◆ The problem: All of the listing below must be repeated word for word. Pictures are the only thing to omit.

-- Source material follows --

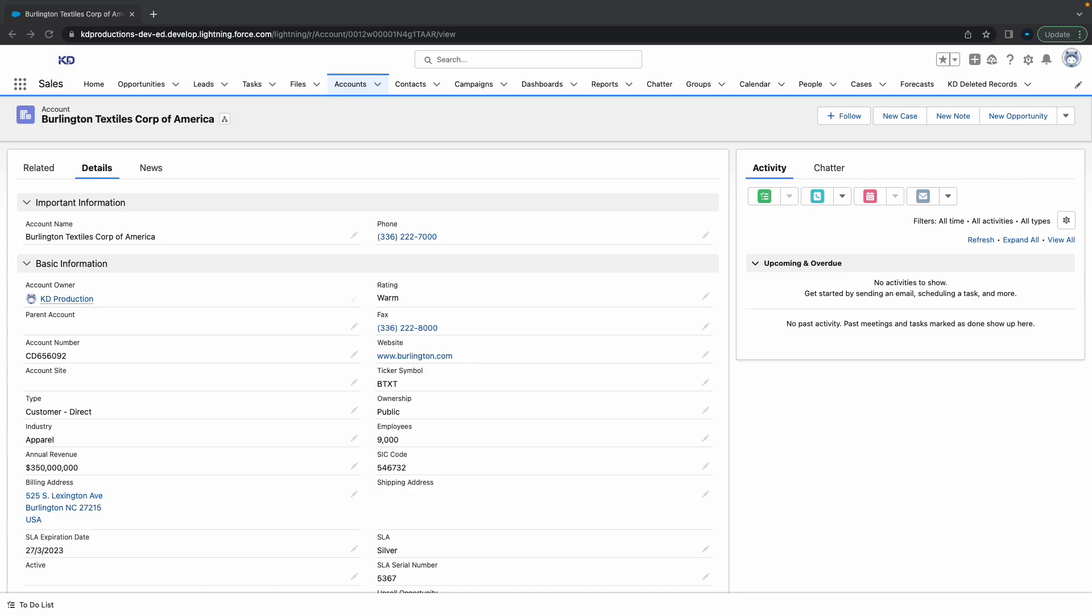Hey everyone, Salesforce Shorts here. In this video we're going to talk about matching rules. Matching rules are normally used to find potential duplicates within the system.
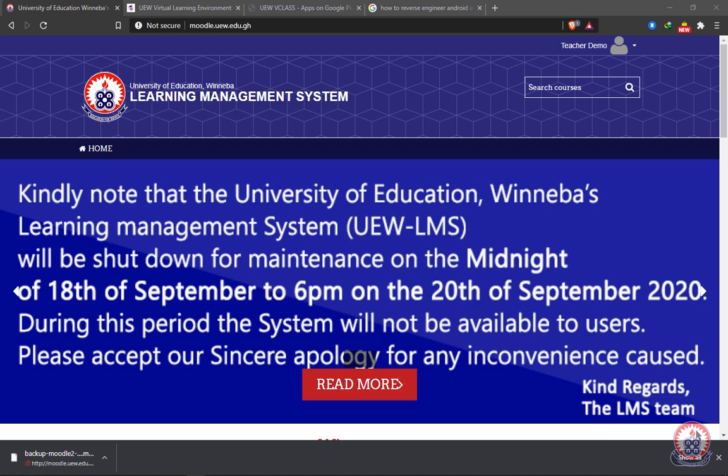Welcome to this tutorial on how to back up a course and its content on UW learning management system. This tutorial is strictly for lecturers. In this tutorial, we are going to look at how we can back up our whole course.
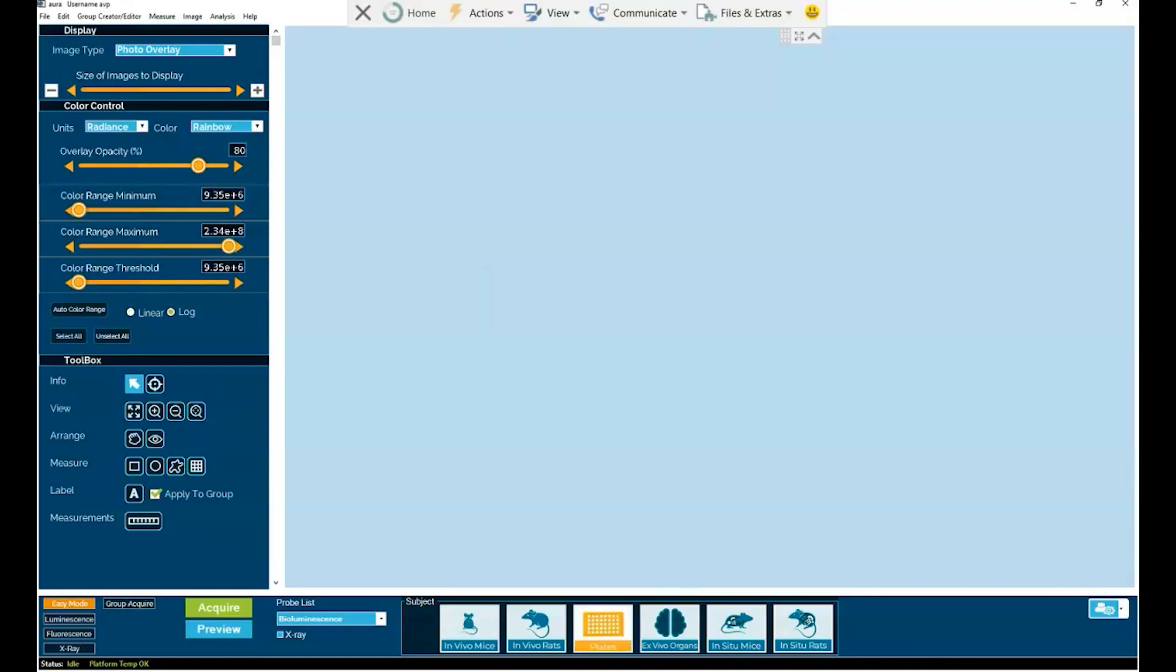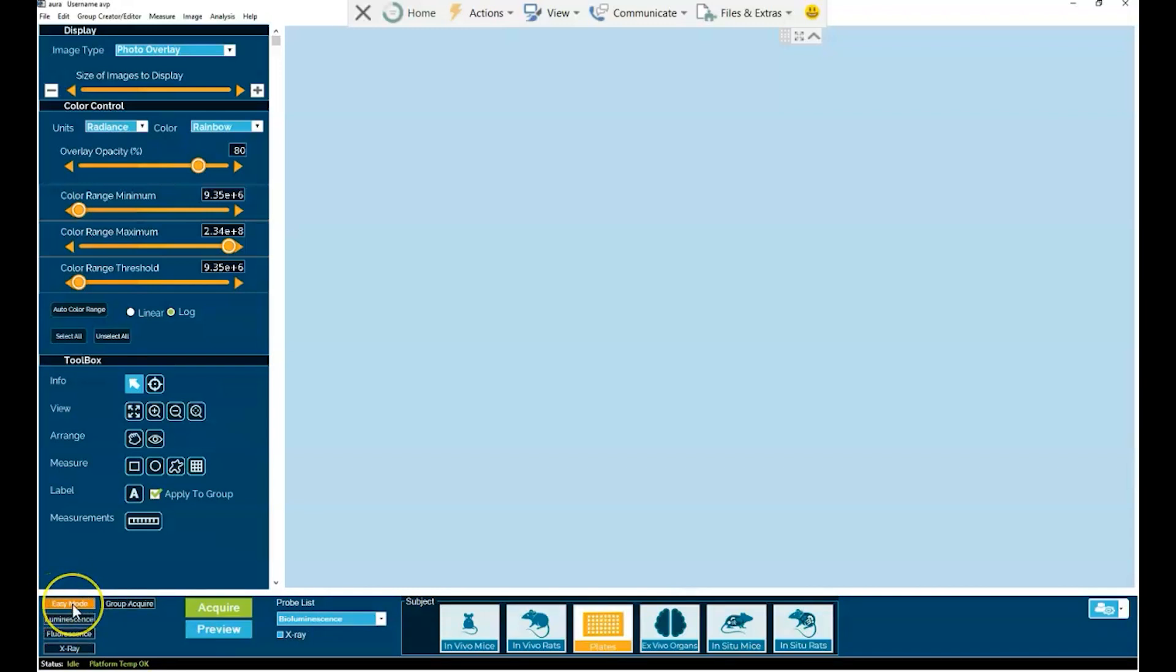Now first off, there is easy mode. This makes imaging faster and easier than ever before. Selecting in the bottom left-hand corner the easy mode option, you will see for the acquisition ribbon that it is simply a matter of selecting three buttons.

-- Source material concluded --

◆ Response:
Hey everyone, Salesforce Shorts here. In this video we're going to talk about matching rules. Matching rules are normally used to find potential duplicates within the system.
Welcome to this tutorial on how to back up a course and its content on UW learning management system. This tutorial is strictly for lecturers. In this tutorial, we are going to look at how we can back up our whole course.
Now first off, there is easy mode. This makes imaging faster and easier than ever before. Selecting in the bottom left-hand corner the easy mode option, you will see for the acquisition ribbon that it is simply a matter of selecting three buttons.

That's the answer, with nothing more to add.